I have a huge dataset that does not fit in memory (150G) and I'm looking for the best way to work with it in pytorch. The dataset is composed of several .npz files of 10k samples each. I tried to build a Dataset class
class MyDataset(Dataset):
def __init__(self, path):
self.path = path
self.files = os.listdir(self.path)
self.file_length = {}
for f in self.files:
# Load file in as a nmap
d = np.load(os.path.join(self.path, f), mmap_mode='r')
self.file_length[f] = len(d['y'])
def __len__(self):
raise NotImplementedException()
def __getitem__(self, idx):
# Find the file where idx belongs to
count = 0
f_key = ''
local_idx = 0
for k in self.file_length:
if count < idx < count + self.file_length[k]:
f_key = k
local_idx = idx - count
break
else:
count += self.file_length[k]
# Open file as numpy.memmap
d = np.load(os.path.join(self.path, f_key), mmap_mode='r')
# Actually fetch the data
X = np.expand_dims(d['X'][local_idx], axis=1)
y = np.expand_dims((d['y'][local_idx] == 2).astype(np.float32), axis=1)
return X, y
but when a sample is actually fetched, it takes more than 30s. It looks like the entire .npz is opened, stocked in RAM and it accessed the right index.

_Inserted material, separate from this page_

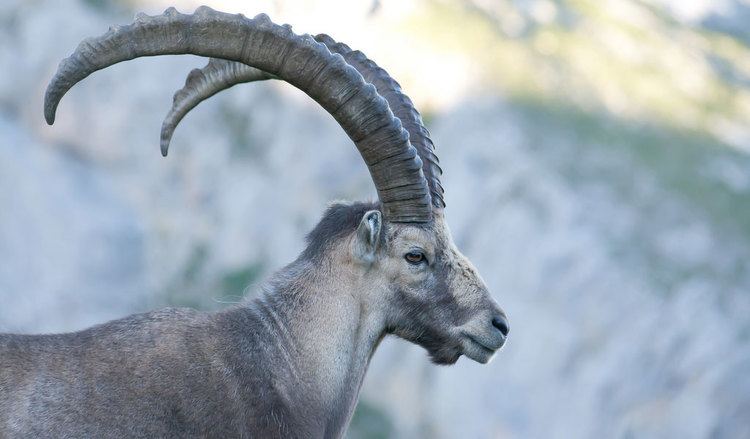 Alpine ibex Alpine Ibex Capra Key Facts Information amp Pictures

How to be more efficient ?
EDIT
It appears to be a misunderstading of .npz files see post, but is there a better approach ?
SOLUTION PROPOSAL
As proposed by @covariantmonkey, lmdb can be a good choice. For now, as the problem comes from .npz files and not memmap, I remodelled my dataset by splitting .npz packages files into several .npy files. I can now use the same logic where memmap makes all sense and is really fast (several ms to load a sample).